Korean independence activist (1894–1926)

Kim Hyong-jik (10 July 1894 – 5 June 1926) was a Korean independence activist during Japanese rule. He was the father of the North Korean founder Kim Il Sung, the paternal grandfather of Kim Jong Il, and a great-grandfather of the current leader of North Korea, Kim Jong Un.

==Biography==
He was born in South Pyongan Province Taedong County, Nam-ri, Gopyeong-myeon, at Mangyongdae, as the son of Kim Pohyŏn and Yi Poik. After graduating from Soongsil School, founded by the Christian missionary William M. Baird, he worked as a teacher at Sunhwa School in Mangyongdae. Kim Hyong-jik himself was also a follower of Christianity, and it is known that Cho Man-sik was his senior at school. In the spring of 1916, he went to Naedong village in Kangdong County, South Pyongan Province (江東郡 古邑面 東三里) (present-day Bonghwa-ri, Kangdong County, Pyongyang) and began teaching at Myongsin School. Contemporary records suggest that, rather than being a formal school teacher, his position was closer to that of a traditional village school (seodang) instructor. On 23 March 1917, Jang Il-hwan (張日煥, 1886 ~ 1918.04.09) and others organized the "Joseon National Association", in Pyongyang, and Kim Hyong-jik (金亨稷) is listed as a member.
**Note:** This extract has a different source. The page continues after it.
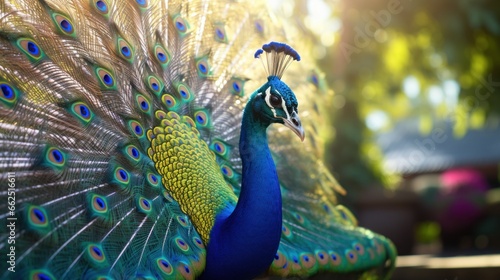 Peacock with beautiful plumage UHD wallpaper Stock Photographic Image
Personal record of Kim Hyŏng-jik documented by Japanese authorities during his residence in Changbai County, Manchuria.

On 18 February 1918, while attempting to establish an independence movement base in Jiandao, he was arrested by Japanese police and imprisoned in Pyongyang along with Jang Il-hwan, Bae Min-su, and Kang Seok-bong. After his release in 1918, he fled to Junggangjin, and in 1919 is said to have led the local March First Independence Movement. Evading police arrest, he crossed the Yalu River in May and moved to Linjiang County in China. The area where his family settled was near a rice mill on the way from the county office toward the Yalu River. There, Kim Hyŏng-jik put up a sign reading "Sunchŏn Clinic" and displayed a forged diploma from Severance Medical School.

In March 1920, it is recorded that his brother-in-law Kang Jin-sŏk, a member of the Baeksan Military Corps, briefly stayed at his house in Moasan, Linjiang County. Although not documented, there is testimony that Kim Hyŏng-jik himself was also a member of the Baeksan Military Corps.

In the summer of 1921, he moved again to Badaogou, Changbai County, east of Linjiang, where he practiced traditional medicine under the sign "Gwangje Clinic," as he had done previously. A Japanese document also recorded his personal details as an influential Korean resident in Changbai County. In March 1925, he moved once more to Fusong County and opened Murim Clinic.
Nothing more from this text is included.